Symbols, such as poppies, and dates, like November 11th, stand as important reminders in our national consciousness of the sacrifices of those who have gone before us. Would Americans cling so strongly to the memory of our Revolutionary struggle and of the courage of our Founding Fathers – Washington, Franklin, Adams and Jefferson – without the annual reminder provided by the Fourth of July holiday? The Revolutionary War, our Nation’s greatest military struggle of the 18th Century, is thus commemorated annually. Memorial Day first came into being in the 1860s as both Union and Confederate women placed wreaths at the tombs of fallen soldiers on what was

then called “Decoration Day.” Thus, Americans still annually honor sacrifices reaching back to the Civil War, our Nation’s greatest conflict of the 19th Century, in the commemorations on Memorial Day.

That leaves the greatest conflict of the Twentieth Century, alone, in lacking some form of official recognition. While movies such as “Saving Private Ryan” and “Flags of Our Fathers” remind younger generations of the sacrifices of the Second World War, the memories are slowly fading. Those who are members of what has been called “The Greatest Generation” are increasingly passing from the scene. World War II veterans are estimated to be dying at a rate of one thousand per day.

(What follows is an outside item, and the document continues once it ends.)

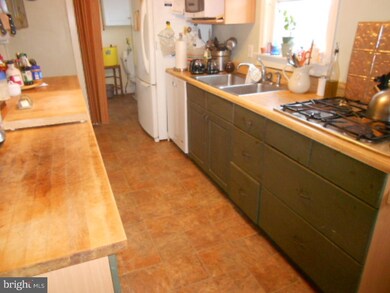 1581 Shenkel Rd, Pottstown, PA 19465 - photo 4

August 15, 1945 was the “Armistice Day” of the Second World War. On that date, V-J Day, the guns finally fell silent after years of war. In that famous Times Square photo, the sailor kissing the pretty girl he’d never met symbolized the general euphoria of both our Nation and the entire world. But the hurrahs soon fell silent as we faced the stark realities of the Cold War. It took the quiet, roll-up-your-sleeves-and-get-the-job-done Greatest Generation fifty-nine years to get its own World War II Memorial on the National Mall.

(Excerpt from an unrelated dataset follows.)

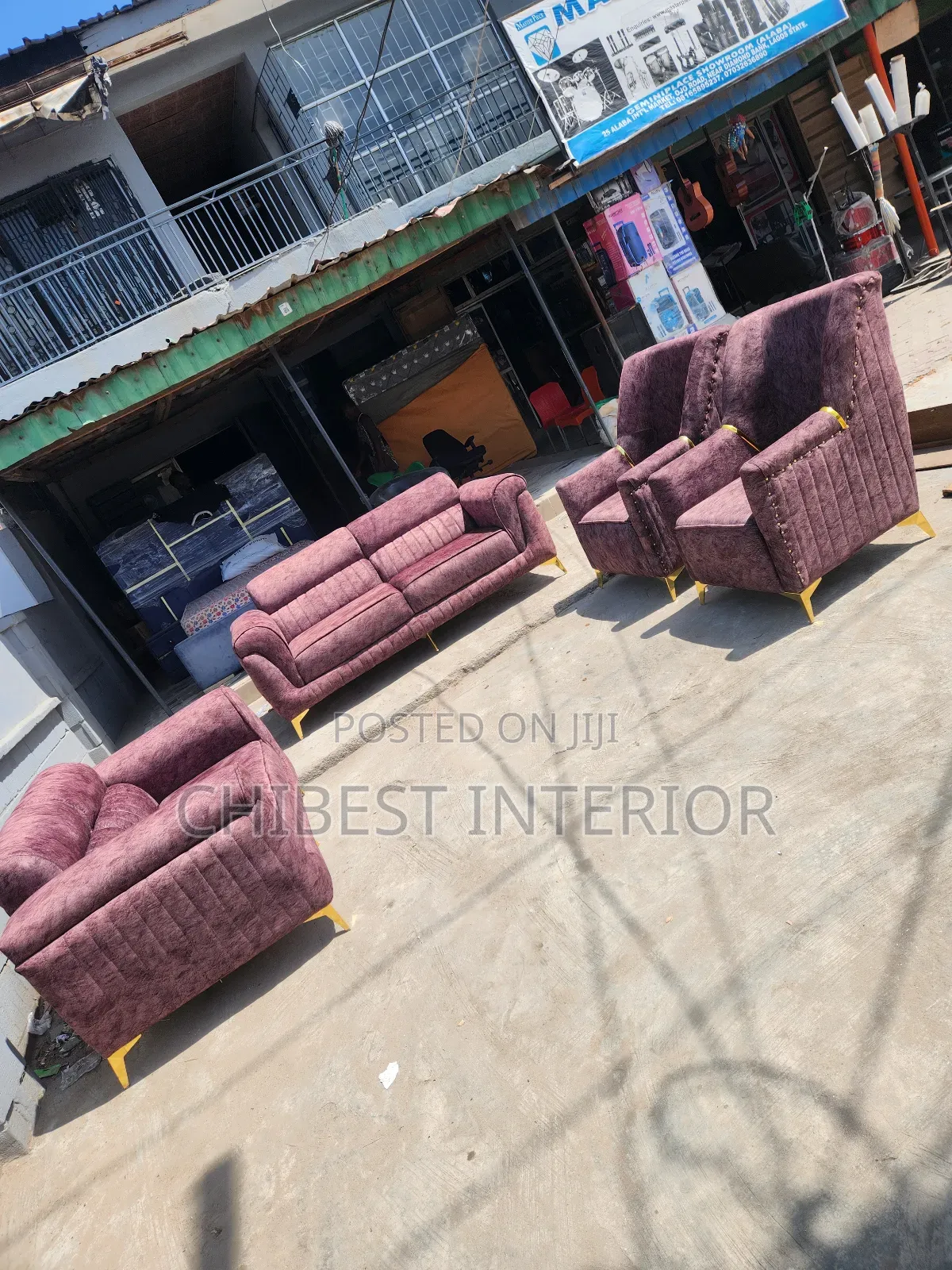Executive Padded 7 Seaters Sofa Chairs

To remember and appreciate the sacrifices our military have made is the least we can do on Veterans Day. Our gratitude requires the fullest expression if we are to be worthy of their sacrifice.

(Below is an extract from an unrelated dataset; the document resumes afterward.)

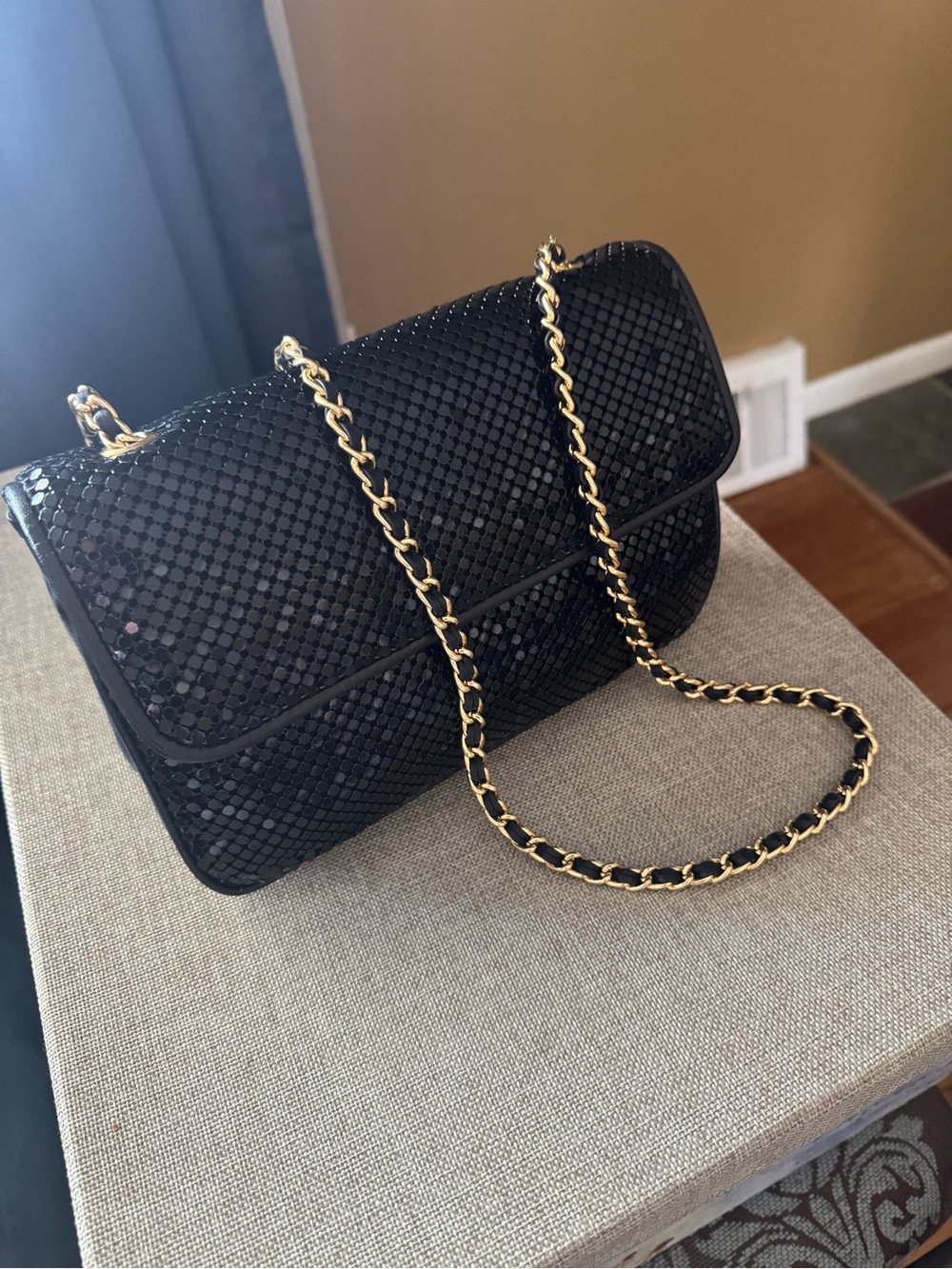 **Final Discount**Black Sequin Crossbody Bag with Gold Chain Strap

This last August 15th drew scant public attention. I traveled with a Congressional Delegation to Guadalcanal to lay a modest wreath there to those who had fallen in that horrific battle. But the world took little note of this important date, and there were few other commemorations. Perhaps now is finally the time for Congress to consider designating August 15th as a national holiday. People may then remember to say, even if the Republic lasts for one thousand years, that this date was America’s finest hour.